### COLLECTED MATERIAL
=== Section Start ===

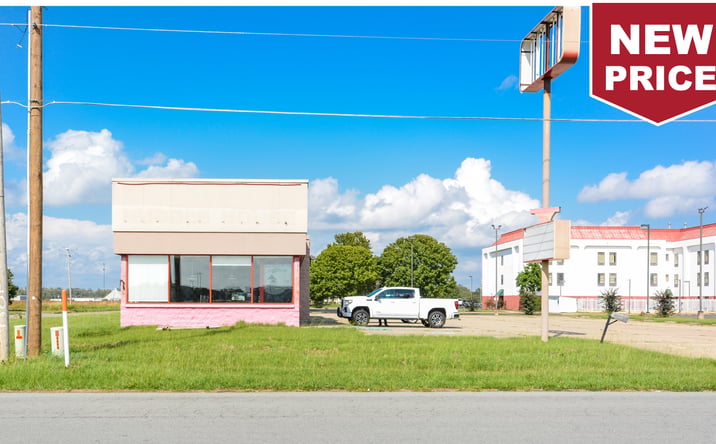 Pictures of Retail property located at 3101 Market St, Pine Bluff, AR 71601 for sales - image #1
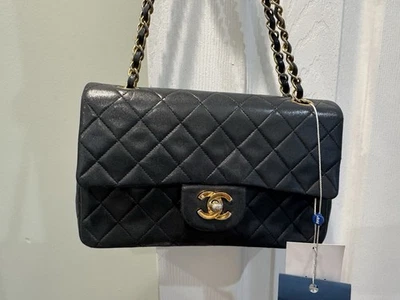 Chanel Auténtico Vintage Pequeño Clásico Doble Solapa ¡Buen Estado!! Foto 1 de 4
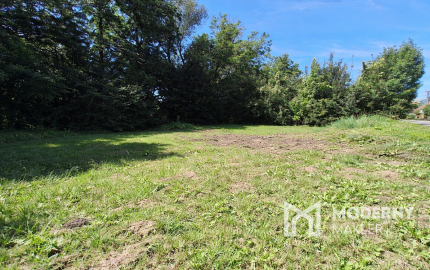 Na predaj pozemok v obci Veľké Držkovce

=== Section End ===

### AIM OF THE TASK
Copy the data verbatim, skipping any image it holds.

### SOLUTION
 Pictures of Retail property located at 3101 Market St, Pine Bluff, AR 71601 for sales - image #1
 Chanel Auténtico Vintage Pequeño Clásico Doble Solapa ¡Buen Estado!! Foto 1 de 4
 Na predaj pozemok v obci Veľké Držkovce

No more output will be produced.